-------- DATASET RECORDS --------

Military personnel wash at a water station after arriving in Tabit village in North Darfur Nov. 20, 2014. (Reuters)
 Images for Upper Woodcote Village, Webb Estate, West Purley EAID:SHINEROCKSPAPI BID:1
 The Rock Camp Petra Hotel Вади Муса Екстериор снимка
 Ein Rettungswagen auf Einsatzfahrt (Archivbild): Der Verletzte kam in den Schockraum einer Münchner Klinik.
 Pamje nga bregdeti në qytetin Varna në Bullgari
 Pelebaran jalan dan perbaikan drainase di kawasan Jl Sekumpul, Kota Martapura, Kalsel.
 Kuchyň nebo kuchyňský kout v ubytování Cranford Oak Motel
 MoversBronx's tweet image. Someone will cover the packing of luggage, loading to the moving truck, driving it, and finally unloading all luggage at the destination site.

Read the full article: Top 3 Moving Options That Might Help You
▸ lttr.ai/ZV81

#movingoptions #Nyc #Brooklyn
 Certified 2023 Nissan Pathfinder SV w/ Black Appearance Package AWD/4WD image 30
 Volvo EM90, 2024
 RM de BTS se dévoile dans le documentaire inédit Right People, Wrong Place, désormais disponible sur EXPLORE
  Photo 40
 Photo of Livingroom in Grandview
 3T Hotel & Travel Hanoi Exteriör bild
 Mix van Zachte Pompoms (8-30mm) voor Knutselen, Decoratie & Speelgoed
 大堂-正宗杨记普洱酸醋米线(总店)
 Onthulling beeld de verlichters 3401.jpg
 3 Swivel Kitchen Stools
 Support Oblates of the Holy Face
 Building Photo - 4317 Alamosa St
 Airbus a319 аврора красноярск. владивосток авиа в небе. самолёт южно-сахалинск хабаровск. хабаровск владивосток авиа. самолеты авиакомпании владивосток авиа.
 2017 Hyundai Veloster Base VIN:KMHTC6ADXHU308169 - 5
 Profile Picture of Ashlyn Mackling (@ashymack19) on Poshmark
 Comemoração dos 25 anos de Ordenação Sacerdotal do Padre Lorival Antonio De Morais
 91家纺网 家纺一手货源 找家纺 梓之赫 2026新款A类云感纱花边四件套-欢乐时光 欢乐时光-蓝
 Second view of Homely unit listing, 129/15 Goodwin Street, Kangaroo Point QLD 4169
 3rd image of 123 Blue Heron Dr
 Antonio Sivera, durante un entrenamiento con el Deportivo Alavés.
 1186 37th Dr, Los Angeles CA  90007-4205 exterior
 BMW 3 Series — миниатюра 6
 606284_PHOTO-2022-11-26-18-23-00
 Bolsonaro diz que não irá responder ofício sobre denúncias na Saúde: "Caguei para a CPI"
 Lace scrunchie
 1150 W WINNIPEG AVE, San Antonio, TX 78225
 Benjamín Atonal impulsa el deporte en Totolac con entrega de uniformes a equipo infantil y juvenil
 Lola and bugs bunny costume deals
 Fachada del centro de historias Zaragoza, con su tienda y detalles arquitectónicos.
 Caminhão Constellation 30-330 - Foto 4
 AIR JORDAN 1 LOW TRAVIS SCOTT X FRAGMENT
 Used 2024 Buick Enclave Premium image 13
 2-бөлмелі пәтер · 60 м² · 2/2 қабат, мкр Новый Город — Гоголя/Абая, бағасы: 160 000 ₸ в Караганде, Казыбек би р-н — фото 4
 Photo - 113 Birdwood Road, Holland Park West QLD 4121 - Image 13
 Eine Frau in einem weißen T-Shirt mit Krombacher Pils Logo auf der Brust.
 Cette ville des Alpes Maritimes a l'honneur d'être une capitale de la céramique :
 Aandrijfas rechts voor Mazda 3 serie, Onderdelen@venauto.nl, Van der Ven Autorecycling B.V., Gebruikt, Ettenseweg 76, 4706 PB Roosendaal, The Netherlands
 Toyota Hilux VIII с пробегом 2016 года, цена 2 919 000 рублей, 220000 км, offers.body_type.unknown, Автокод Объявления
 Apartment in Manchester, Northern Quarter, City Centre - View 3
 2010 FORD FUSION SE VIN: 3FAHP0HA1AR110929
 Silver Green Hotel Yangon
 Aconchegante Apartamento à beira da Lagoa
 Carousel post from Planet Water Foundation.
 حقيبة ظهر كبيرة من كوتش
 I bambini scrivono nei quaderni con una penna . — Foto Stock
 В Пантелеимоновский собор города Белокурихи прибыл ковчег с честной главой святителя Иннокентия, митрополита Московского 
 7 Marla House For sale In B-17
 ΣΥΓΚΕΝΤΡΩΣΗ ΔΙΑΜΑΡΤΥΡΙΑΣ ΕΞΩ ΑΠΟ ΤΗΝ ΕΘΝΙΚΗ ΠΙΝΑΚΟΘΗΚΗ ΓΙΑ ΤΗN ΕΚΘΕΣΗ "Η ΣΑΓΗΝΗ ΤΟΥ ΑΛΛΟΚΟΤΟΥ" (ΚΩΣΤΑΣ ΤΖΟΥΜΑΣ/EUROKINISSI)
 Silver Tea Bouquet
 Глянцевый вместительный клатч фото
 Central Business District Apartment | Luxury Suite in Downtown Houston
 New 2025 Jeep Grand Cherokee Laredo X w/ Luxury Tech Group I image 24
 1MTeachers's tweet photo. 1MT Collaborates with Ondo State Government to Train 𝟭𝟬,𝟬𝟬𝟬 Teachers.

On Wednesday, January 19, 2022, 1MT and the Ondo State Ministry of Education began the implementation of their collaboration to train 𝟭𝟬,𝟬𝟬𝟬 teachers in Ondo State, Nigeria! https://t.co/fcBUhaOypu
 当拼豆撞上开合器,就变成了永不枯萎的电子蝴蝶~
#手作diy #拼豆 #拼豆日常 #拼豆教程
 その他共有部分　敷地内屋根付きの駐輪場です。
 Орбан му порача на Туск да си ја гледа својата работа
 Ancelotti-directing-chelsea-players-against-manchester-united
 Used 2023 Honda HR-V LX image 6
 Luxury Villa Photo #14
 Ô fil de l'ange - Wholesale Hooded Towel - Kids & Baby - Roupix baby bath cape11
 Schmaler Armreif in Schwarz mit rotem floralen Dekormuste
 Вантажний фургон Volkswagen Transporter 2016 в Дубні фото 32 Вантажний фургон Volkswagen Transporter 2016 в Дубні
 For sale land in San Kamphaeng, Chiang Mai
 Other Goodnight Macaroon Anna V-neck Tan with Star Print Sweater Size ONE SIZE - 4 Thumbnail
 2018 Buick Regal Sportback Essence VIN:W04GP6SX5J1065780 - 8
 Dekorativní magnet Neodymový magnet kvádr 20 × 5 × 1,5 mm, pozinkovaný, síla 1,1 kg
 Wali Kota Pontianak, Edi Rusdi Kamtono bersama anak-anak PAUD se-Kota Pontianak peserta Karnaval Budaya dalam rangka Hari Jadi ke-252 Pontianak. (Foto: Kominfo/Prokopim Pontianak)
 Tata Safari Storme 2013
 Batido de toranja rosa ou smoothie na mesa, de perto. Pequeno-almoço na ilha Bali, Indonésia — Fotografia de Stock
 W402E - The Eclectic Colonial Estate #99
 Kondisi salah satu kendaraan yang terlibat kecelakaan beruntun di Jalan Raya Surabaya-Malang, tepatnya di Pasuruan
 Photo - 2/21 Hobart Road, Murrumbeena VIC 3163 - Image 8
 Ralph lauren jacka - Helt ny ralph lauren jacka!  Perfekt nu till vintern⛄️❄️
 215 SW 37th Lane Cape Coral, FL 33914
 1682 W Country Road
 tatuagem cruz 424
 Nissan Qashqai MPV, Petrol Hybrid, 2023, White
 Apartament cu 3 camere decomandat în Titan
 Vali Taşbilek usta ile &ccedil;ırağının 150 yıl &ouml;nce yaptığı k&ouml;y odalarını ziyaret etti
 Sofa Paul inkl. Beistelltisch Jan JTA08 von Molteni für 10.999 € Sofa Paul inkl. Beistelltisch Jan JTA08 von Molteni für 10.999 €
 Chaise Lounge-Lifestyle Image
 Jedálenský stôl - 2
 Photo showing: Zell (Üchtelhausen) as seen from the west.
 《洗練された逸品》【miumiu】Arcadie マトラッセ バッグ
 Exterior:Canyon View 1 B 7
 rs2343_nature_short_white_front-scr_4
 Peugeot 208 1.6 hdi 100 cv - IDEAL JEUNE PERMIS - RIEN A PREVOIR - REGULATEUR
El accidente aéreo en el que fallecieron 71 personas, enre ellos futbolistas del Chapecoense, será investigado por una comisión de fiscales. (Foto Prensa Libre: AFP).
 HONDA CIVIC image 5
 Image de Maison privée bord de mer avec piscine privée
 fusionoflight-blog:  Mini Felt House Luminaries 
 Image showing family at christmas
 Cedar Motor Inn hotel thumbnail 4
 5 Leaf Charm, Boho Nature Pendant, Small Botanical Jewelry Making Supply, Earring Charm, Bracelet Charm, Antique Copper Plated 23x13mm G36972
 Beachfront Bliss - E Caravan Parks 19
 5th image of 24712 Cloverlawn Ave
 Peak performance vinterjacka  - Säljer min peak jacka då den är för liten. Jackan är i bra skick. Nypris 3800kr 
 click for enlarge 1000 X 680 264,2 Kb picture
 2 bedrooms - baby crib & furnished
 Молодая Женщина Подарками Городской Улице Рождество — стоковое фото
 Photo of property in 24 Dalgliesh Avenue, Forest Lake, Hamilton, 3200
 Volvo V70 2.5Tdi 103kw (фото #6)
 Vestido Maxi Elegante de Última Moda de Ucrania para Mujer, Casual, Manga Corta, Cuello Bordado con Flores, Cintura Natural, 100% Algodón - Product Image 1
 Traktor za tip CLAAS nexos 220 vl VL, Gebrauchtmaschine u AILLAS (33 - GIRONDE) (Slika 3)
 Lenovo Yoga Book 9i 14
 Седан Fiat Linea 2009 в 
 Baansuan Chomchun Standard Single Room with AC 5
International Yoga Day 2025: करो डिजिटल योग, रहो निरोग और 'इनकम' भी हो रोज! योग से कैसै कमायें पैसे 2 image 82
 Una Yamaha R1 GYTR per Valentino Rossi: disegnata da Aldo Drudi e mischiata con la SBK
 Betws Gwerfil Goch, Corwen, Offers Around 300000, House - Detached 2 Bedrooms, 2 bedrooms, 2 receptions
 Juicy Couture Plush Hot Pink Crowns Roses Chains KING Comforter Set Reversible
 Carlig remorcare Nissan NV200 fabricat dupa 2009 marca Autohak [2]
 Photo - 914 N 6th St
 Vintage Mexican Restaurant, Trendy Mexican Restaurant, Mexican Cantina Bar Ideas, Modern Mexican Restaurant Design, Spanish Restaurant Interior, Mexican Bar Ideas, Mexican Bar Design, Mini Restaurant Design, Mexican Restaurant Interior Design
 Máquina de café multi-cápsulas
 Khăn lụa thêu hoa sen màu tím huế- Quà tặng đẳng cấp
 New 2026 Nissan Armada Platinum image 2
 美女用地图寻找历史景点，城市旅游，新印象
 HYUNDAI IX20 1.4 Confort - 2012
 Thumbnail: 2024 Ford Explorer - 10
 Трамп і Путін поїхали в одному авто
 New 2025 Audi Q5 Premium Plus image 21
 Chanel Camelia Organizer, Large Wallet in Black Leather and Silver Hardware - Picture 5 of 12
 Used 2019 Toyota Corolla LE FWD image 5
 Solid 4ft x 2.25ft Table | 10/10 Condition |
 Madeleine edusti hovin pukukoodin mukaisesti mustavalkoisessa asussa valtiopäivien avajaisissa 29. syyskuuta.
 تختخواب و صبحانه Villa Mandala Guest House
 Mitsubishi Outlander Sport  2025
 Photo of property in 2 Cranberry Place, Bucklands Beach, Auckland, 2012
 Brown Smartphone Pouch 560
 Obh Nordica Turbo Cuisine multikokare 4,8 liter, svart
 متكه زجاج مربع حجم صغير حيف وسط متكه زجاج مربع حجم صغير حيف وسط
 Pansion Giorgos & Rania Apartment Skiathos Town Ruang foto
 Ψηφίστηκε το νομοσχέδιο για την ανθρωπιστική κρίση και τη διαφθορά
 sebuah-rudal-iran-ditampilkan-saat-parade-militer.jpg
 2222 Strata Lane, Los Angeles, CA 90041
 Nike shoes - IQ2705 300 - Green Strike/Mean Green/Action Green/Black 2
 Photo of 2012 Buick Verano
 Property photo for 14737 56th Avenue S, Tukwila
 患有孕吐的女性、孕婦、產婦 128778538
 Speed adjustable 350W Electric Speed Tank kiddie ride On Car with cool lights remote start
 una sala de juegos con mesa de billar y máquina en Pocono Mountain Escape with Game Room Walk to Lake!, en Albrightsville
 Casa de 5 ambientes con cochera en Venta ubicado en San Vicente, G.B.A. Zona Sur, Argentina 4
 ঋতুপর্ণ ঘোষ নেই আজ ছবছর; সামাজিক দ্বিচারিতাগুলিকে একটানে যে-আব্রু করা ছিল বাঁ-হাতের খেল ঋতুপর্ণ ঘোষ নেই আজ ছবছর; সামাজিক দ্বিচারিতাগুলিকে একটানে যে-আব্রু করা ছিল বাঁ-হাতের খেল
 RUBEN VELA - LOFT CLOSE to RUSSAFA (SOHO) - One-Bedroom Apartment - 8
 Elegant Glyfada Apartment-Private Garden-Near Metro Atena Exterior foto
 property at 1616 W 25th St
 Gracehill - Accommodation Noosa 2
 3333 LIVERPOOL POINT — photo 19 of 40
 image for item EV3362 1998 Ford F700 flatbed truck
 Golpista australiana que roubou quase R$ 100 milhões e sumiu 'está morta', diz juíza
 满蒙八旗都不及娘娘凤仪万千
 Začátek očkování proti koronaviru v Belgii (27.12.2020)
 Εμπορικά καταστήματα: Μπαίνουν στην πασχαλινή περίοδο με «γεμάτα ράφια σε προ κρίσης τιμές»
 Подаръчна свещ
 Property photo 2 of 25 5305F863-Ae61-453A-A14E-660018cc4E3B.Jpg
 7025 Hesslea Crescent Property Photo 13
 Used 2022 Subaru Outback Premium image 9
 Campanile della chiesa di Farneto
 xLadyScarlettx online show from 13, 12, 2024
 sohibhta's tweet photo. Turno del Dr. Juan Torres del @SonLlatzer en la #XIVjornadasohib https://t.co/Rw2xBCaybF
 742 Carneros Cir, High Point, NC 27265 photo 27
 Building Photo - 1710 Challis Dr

--------

INSTRUCTIONS TO FOLLOW
All that is wanted is the stretch of lines above from the one containing "click for enlarge" through the one containing "Volvo V70 2.5Tdi 103kw (фото #6)", duplicated exactly.

THE ANSWER
 click for enlarge 1000 X 680 264,2 Kb picture
 2 bedrooms - baby crib & furnished
 Молодая Женщина Подарками Городской Улице Рождество — стоковое фото
 Photo of property in 24 Dalgliesh Avenue, Forest Lake, Hamilton, 3200
 Volvo V70 2.5Tdi 103kw (фото #6)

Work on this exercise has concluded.